(Saved data entries)
□ □ □

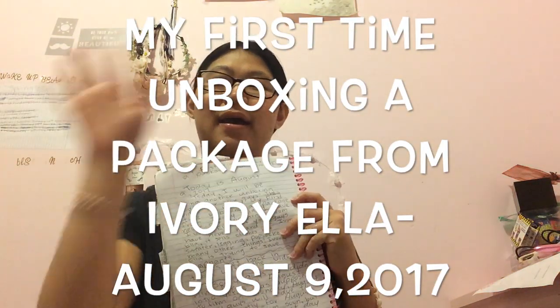Hey guys, welcome back to my channel. So I found two bloopers videos for you guys to watch — that's going to be uploaded after this video. I found two files on my laptop and those are bloopers. So that is all I'm going to tell you guys. I wrote down like a whole page in my notebook and I'm going to read it to you guys.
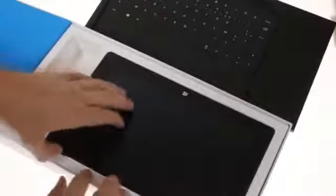At the Microsoft Surface event, we received a pamphlet. The same can be said for the touch cover box.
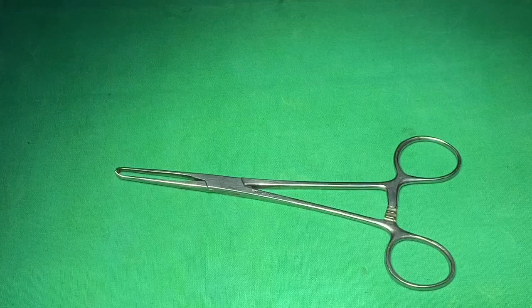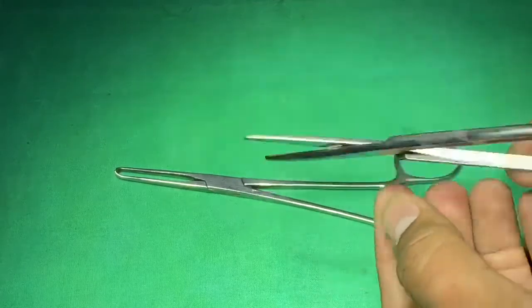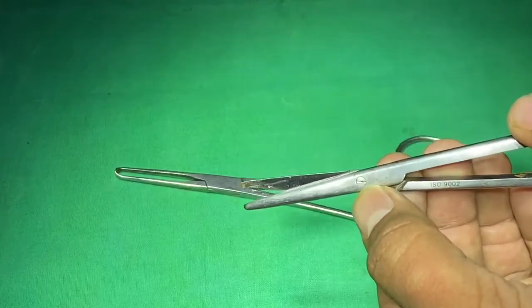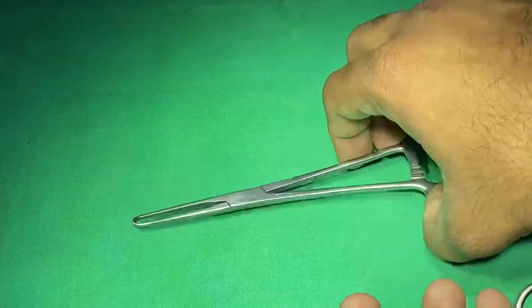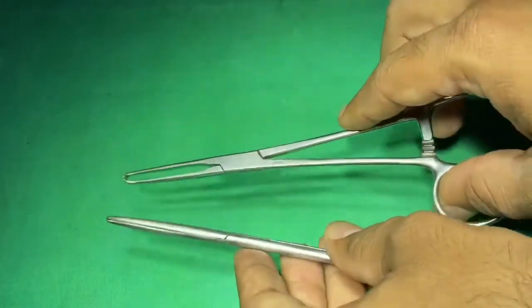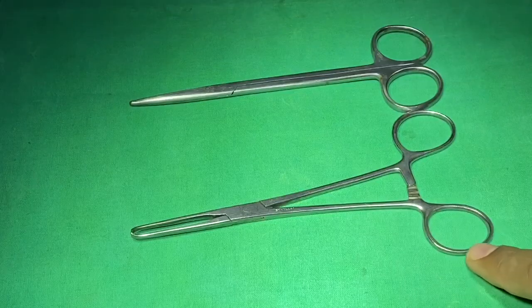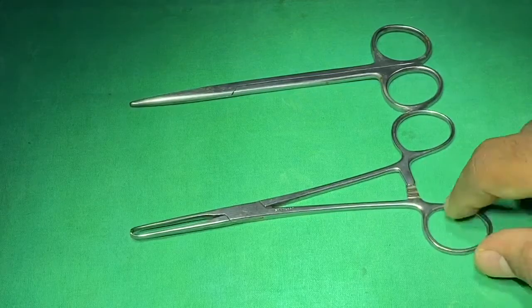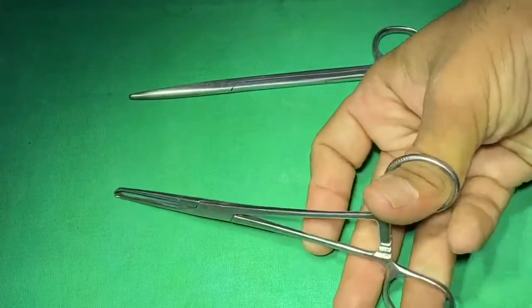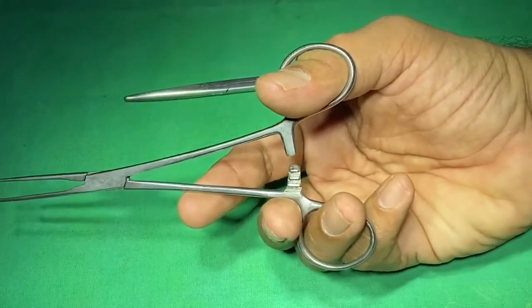In some other instruments — here I have taken a straight scissor — the two shafts are joined with a screw, so this is called a screw kind of fulcrum. This is the box kind of fulcrum, this is the shank, this is the finger ring, and this is the ratchet. There are three lockings; usually one or two locks are commonly used.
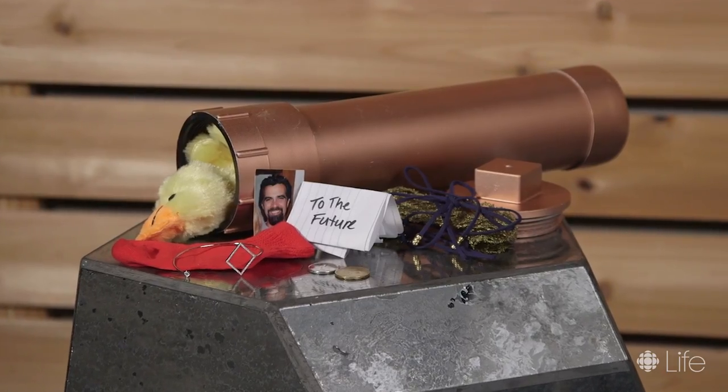Today we'll be making your very own DIY time capsule, which is a great way to force nostalgia. Here's what you'll need.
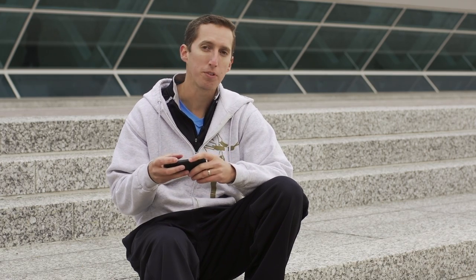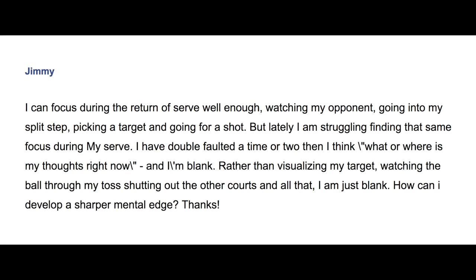Today we're answering a question from Jimmy, who wrote to me via email. He said: I can focus during the return of serve well enough, watching my opponent and going into my split step, picking a target and going for my shot. But lately I'm struggling finding the same focus during my serve. I have double faulted a time or two and then think, where are my thoughts right now? And I'm just blank. Rather than visualizing my target and watching the ball through my toss and shutting out the other courts, I'm just blank.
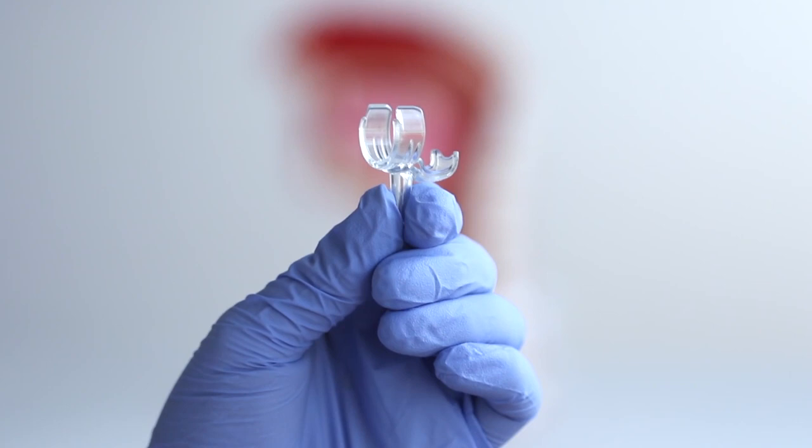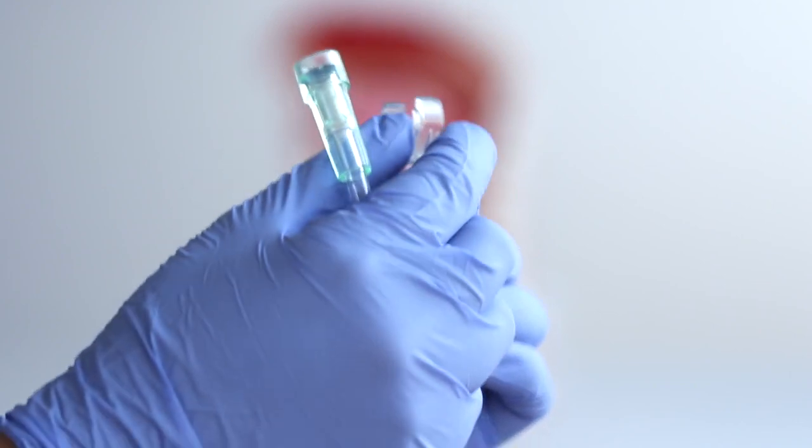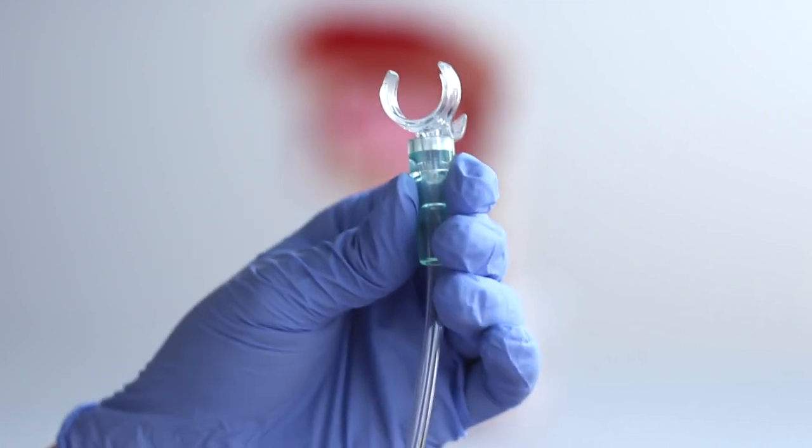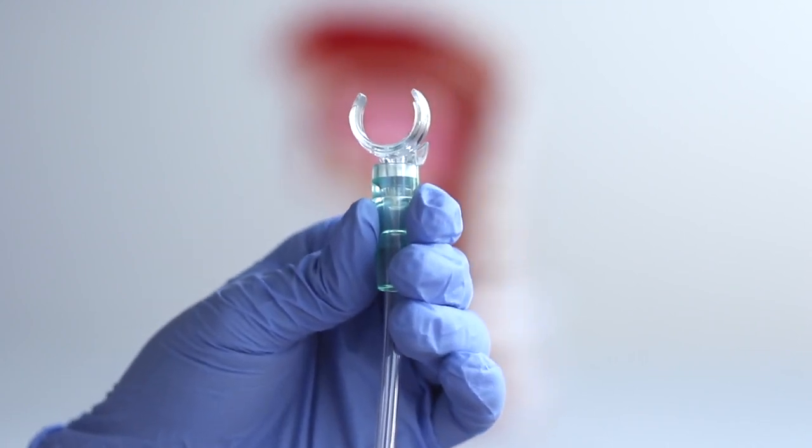Oxygen connection tubing is attached to the inlet of the adapter and to a low-flow oxygen source. Oxygen flows to the inlet of the adapter and is then directed in front of the valve to be delivered to the patient during inspiration.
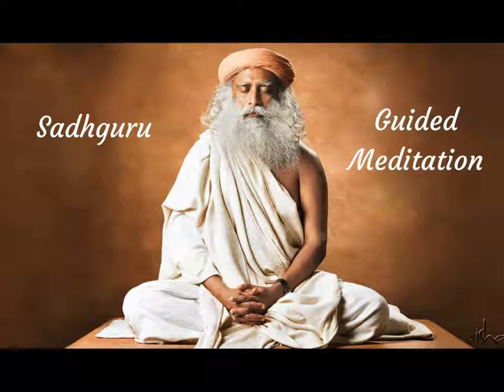Now see that your body is becoming lighter and lighter. Feel the lightness spreading through your body. Your body is becoming very, very light. It is becoming so light that slowly you are lifting off the ground. You are beginning to float. You are about six inches above the ground, floating.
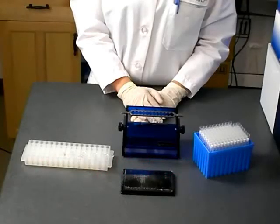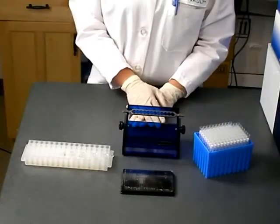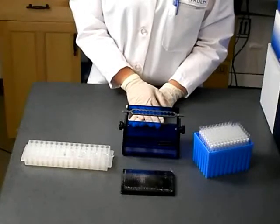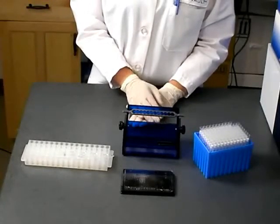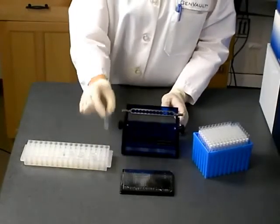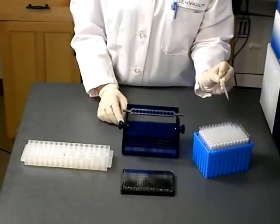Recovery of GenPlate elements for DNA recovery can be done simply with the Gen Punch, by punching out the disc of the GenPlate through the pierceable bottom and top seals. To perform this procedure, you will need a Gen Punch and a 2ml snap cap tube for each element you wish to recover. Label the tubes to keep track of your samples.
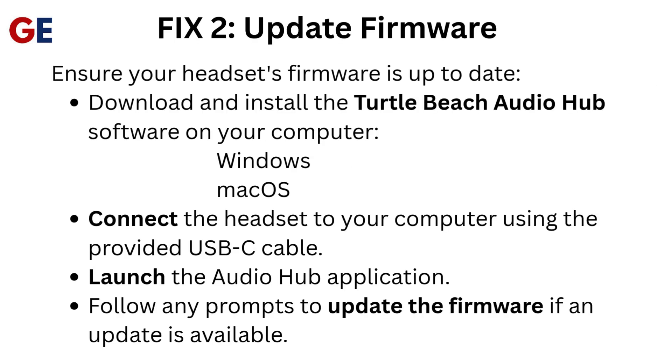Fix 2: Update Firmware. Ensure your headset's firmware is up-to-date. Download and install the Turtle Beach Audio Hub software on your computer — available for Windows and Mac OS. Connect the headset to your computer using the provided USB-C cable, launch the Audio Hub application, and follow any prompts to update the firmware if an update is available.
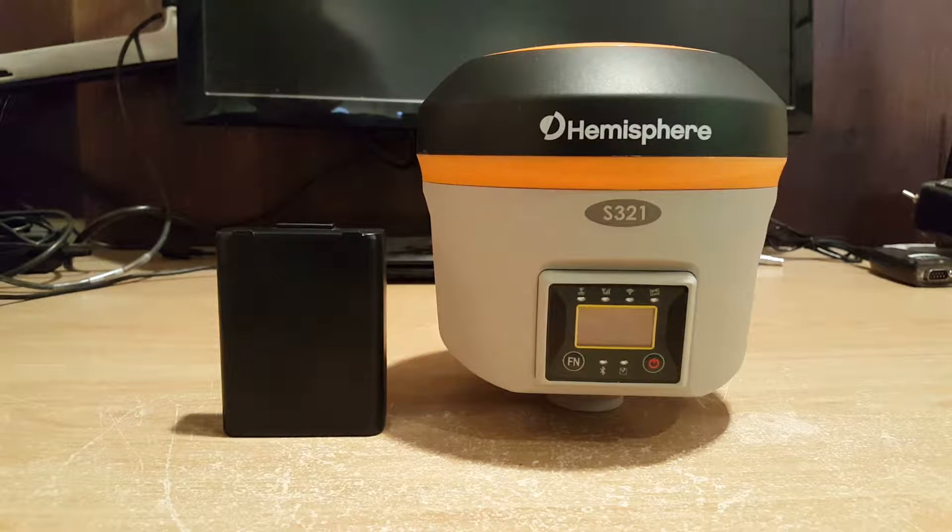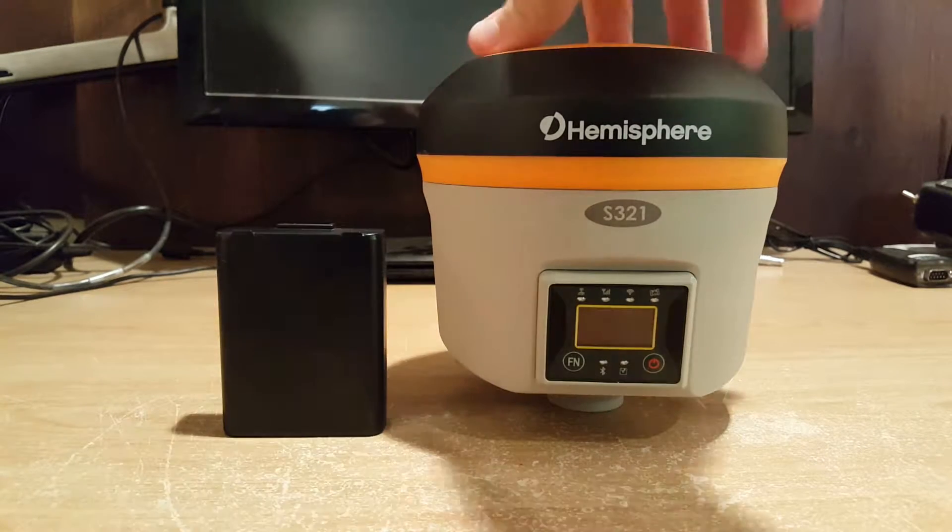Hi everyone, this is David with Benchmark. Today I'm going to be showing you guys how to change a battery on the new Hemisphere S321. It's pretty simple. As you can see here, I've got my S321 and my extra battery.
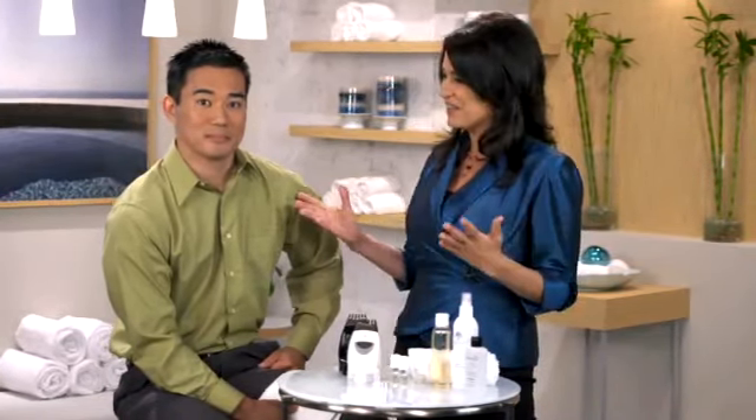For optimal results, you'll want to use Nutriol Hair Fitness Treatment with the Agelok Galvanic Spa and Scalp Conductor three days a week. You should also make sure you've read the Galvanic Spa User's Manual and become familiar with the directions for care and use. Now let's begin.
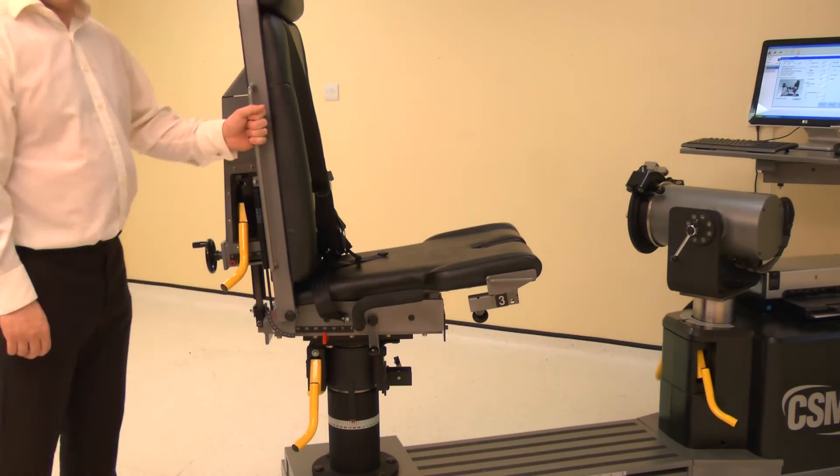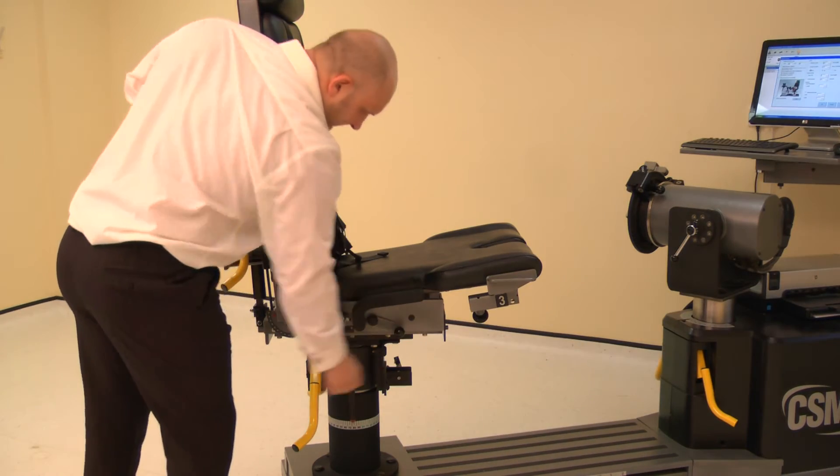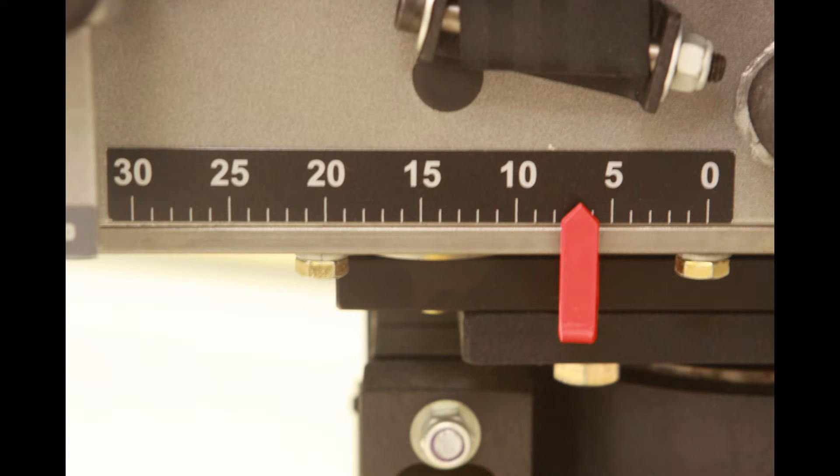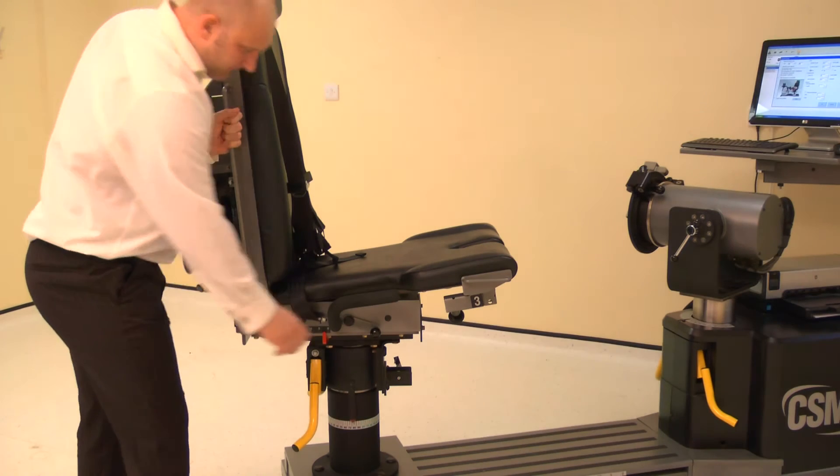The chair fore-aft is altered by raising either locking handle, then slide the chair bottom forwards or backwards. Adjust the fore-aft to position 7. Lower the locking handle to secure.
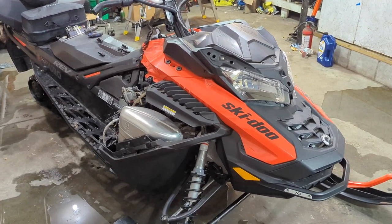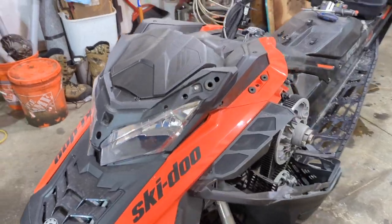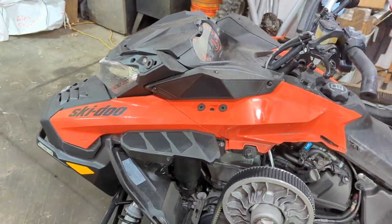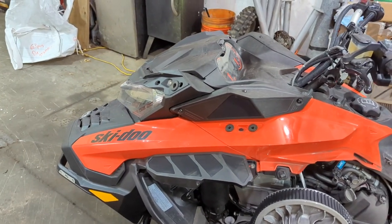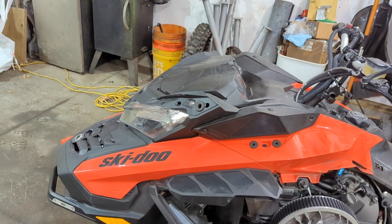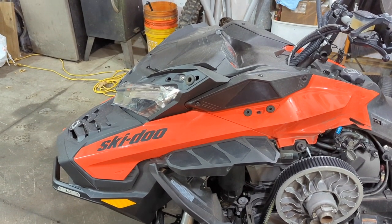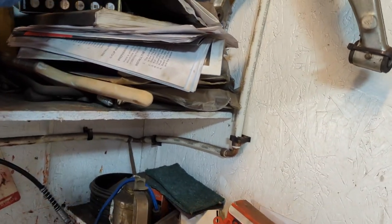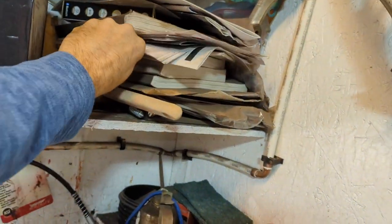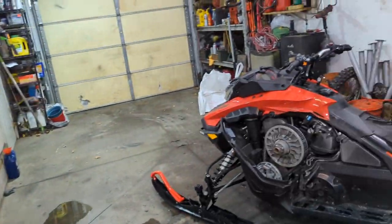I'm going to go ahead and get this cowl off. I've never done the cowl on the wide body — I've done it a bunch of times on my 800 E-TEC, but this is the first time on the wide body, so we're going to learn as we go. I'll probably take some stuff off that I don't need to, but I'm going to get the cowl off to access the plugs. I'm also going to look for a place to plug in the tuner to read the engine codes — hoping my tuner from the jet skis will work on this since it's the same engine.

□ □ □

▶ Activity
Omit the pictures and set down the records exactly.

▶ Result of the task
Hey guys, welcome back to my channel. So I found two bloopers videos for you guys to watch — that's going to be uploaded after this video. I found two files on my laptop and those are bloopers. So that is all I'm going to tell you guys. I wrote down like a whole page in my notebook and I'm going to read it to you guys.
At the Microsoft Surface event, we received a pamphlet. The same can be said for the touch cover box.
In some other instruments — here I have taken a straight scissor — the two shafts are joined with a screw, so this is called a screw kind of fulcrum. This is the box kind of fulcrum, this is the shank, this is the finger ring, and this is the ratchet. There are three lockings; usually one or two locks are commonly used.
Today we'll be making your very own DIY time capsule, which is a great way to force nostalgia. Here's what you'll need.
Today we're answering a question from Jimmy, who wrote to me via email. He said: I can focus during the return of serve well enough, watching my opponent and going into my split step, picking a target and going for my shot. But lately I'm struggling finding the same focus during my serve. I have double faulted a time or two and then think, where are my thoughts right now? And I'm just blank. Rather than visualizing my target and watching the ball through my toss and shutting out the other courts, I'm just blank.
Oxygen connection tubing is attached to the inlet of the adapter and to a low-flow oxygen source. Oxygen flows to the inlet of the adapter and is then directed in front of the valve to be delivered to the patient during inspiration.
Now see that your body is becoming lighter and lighter. Feel the lightness spreading through your body. Your body is becoming very, very light. It is becoming so light that slowly you are lifting off the ground. You are beginning to float. You are about six inches above the ground, floating.
Recovery of GenPlate elements for DNA recovery can be done simply with the Gen Punch, by punching out the disc of the GenPlate through the pierceable bottom and top seals. To perform this procedure, you will need a Gen Punch and a 2ml snap cap tube for each element you wish to recover. Label the tubes to keep track of your samples.
Fix 2: Update Firmware. Ensure your headset's firmware is up-to-date. Download and install the Turtle Beach Audio Hub software on your computer — available for Windows and Mac OS. Connect the headset to your computer using the provided USB-C cable, launch the Audio Hub application, and follow any prompts to update the firmware if an update is available.
Hi everyone, this is David with Benchmark. Today I'm going to be showing you guys how to change a battery on the new Hemisphere S321. It's pretty simple. As you can see here, I've got my S321 and my extra battery.
For optimal results, you'll want to use Nutriol Hair Fitness Treatment with the Agelok Galvanic Spa and Scalp Conductor three days a week. You should also make sure you've read the Galvanic Spa User's Manual and become familiar with the directions for care and use. Now let's begin.
The chair fore-aft is altered by raising either locking handle, then slide the chair bottom forwards or backwards. Adjust the fore-aft to position 7. Lower the locking handle to secure.
I'm going to go ahead and get this cowl off. I've never done the cowl on the wide body — I've done it a bunch of times on my 800 E-TEC, but this is the first time on the wide body, so we're going to learn as we go. I'll probably take some stuff off that I don't need to, but I'm going to get the cowl off to access the plugs. I'm also going to look for a place to plug in the tuner to read the engine codes — hoping my tuner from the jet skis will work on this since it's the same engine.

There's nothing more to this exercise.